That would have meant ignoring the countless other children equally fascinated whom we had seen. Evidently in Willie's case there was a constellation of many factors. Which was finally the operative one? What in the last analysis tipped the scales?

Sunday, July 10, 2005

More dialogue, crime, and gunplay

Here, too, is the customary close-up of the surprised and frightened-looking policeman with his hands half-raised saying:
NO—NO! DON'T SHOOT!
as he is threatened by a huge fist holding a gun to his face. This is followed by mild disapproval ("You've gone too far! This is murder!") as the uniformed man lies dead on the ground. This comic book is endorsed by child specialists who are connected with important institutions. No wonder Willie's aunt did not trust her own judgement sufficiently.
The stories have a lot of crime and gunplay and, in addition, alluring advertisements of guns, some of them full-page and in bright colors, with four guns of various sizes and descriptions on a page:
Get a sweet-shootin' -------- [gun] and get in on the fun!
Here is the repetition of violence and sexiness which no Freud, Krafft-Ebing or Havelock Ellis ever dreamed would be offered to children, and in such profusion. Here is one man mugging another, and graphic pictures of the white man shooting colored natives as though they were animals: "You sure must have treated these beggars rough in that last trip through here!" And so on. This is the sort of thing that Willie's aunt wanted to keep him from reading.

Saturday, July 09, 2005

Willie pt. 3

The Lafargue Clinic has some of Willie's comic books. They are before me as I am writing this, smudgingly printed and well thumbed, just as he used to pore over them with his weak eyes. Here is the lecherous-looking bandit overpowering the attractive girl who is dressed (if that is the word) for very hot weather ("She could come in handy, then! Pretty little spitfire, eh!") in the typical pre-rape position. Later he threatens to kill her:
"Yeah, it's us, you monkeys, and we got an old friend of your here . . . Now unless you want to see somp'n FATAL happen to her, u're gonna kiss that gold goodbye and lam out of here!"
Here is violence galore, violence in the beginning, in the middle, at the end:
ZIP! CRASH! SOCK! SPLAT! BAM! SMASH!
(This is an actual sequence of six pictures illustrating brutal fighting, until in the seventh picture: "He's out cold!")

Appreciation

As expected, yesterday was very nice, Gershon. Thank you. We look very forward to next Friday's contribution.

Friday, July 08, 2005

One again our Friday guest columnist: Mr. Gershon Legman

I am happy to present another Friday column by Mr. Gershon Legman.

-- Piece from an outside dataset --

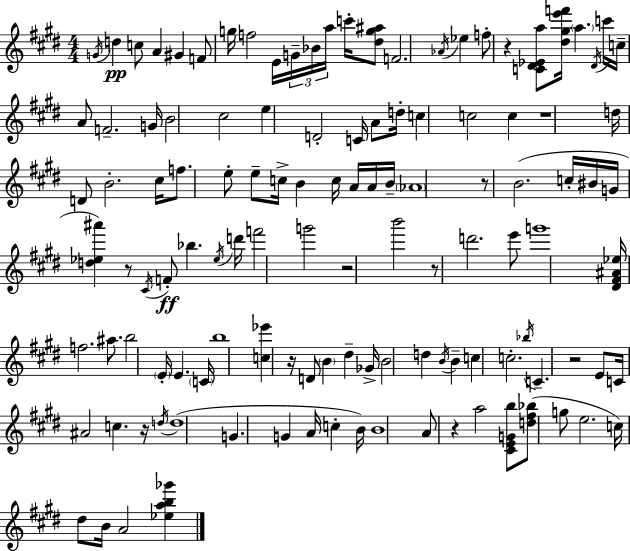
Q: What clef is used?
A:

Mr. Legman comes to us from an undetermined location and does not have a computer, therefore I am transcribing his statements via telephone and publishing them, as a direct transcript, as he speaks to me. We have agreed to do this every Friday.

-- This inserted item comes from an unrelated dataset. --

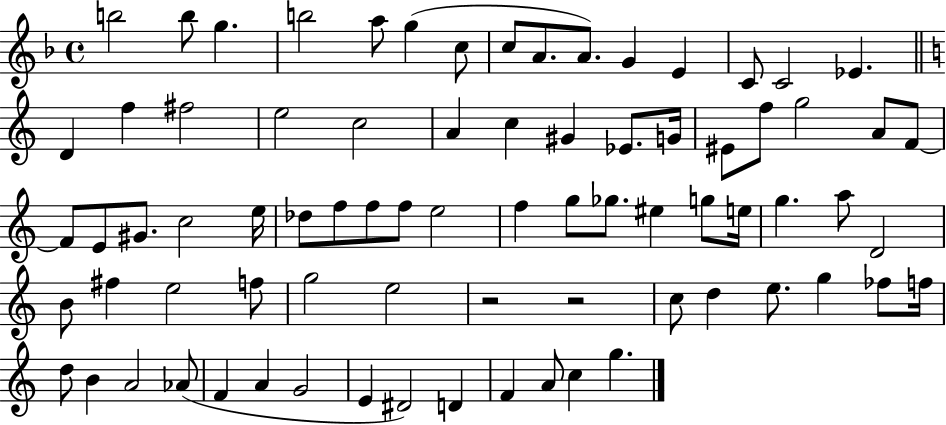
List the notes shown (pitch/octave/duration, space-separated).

B5/h B5/e G5/q. B5/h A5/e G5/q C5/e C5/e A4/e. A4/e. G4/q E4/q C4/e C4/h Eb4/q. D4/q F5/q F#5/h E5/h C5/h A4/q C5/q G#4/q Eb4/e. G4/s EIS4/e F5/e G5/h A4/e F4/e F4/e E4/e G#4/e. C5/h E5/s Db5/e F5/e F5/e F5/e E5/h F5/q G5/e Gb5/e. EIS5/q G5/e E5/s G5/q. A5/e D4/h B4/e F#5/q E5/h F5/e G5/h E5/h R/h R/h C5/e D5/q E5/e. G5/q FES5/e F5/s D5/e B4/q A4/h Ab4/e F4/q A4/q G4/h E4/q D#4/h D4/q F4/q A4/e C5/q G5/q.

And so without further delay, Mr. Legman ...






Thank you once again for having me, Dr. Wertham.

h-hrghmm. (cough)

What is the 'elsewhere' of sex? Religion suggests prayer. Psychiatry proposes sublimation. The man & woman in the street are interested in neither. Transvaluation requires a fully equivalent satisfaction substituted for that suppressed. A sanctity that would equivalue a lifetime of sex, in depth and intensity, is beyond reach of all but saints. Sublimation to this same degree is impossible in our culture to all save an enfranchised élite: the bridge-builders, war-makers, movie-actresses. A thousand men must die to write one general's name in history, ten thousand women be damned to neurosis to pay one actress' wage; a million lives sink in the mud of the Nile to build one pyramid, found one concert series, immortalize one ironmonger's name in philanthropy. Sublimation is not for the million — unless through a self-sacrifice — seldom for the few.

Professional moral elements, busying themselves with censorship, prefer to believe that sex can be replaced by physical and emotional exertions measurably less violent than itself, such as calisthenics, cold baths, and bingo. The sinister absurdity of this pious hope is everywhere obvious. The one thing, and the only thing short of total sublimation, that can replace sex has become increasingly familiar decade by decade since the general introduction of Puritan censorship about 1740, and has reached so gargantuan a stage of formal development all around us that reflection upon the possible next step is plainly terrifying.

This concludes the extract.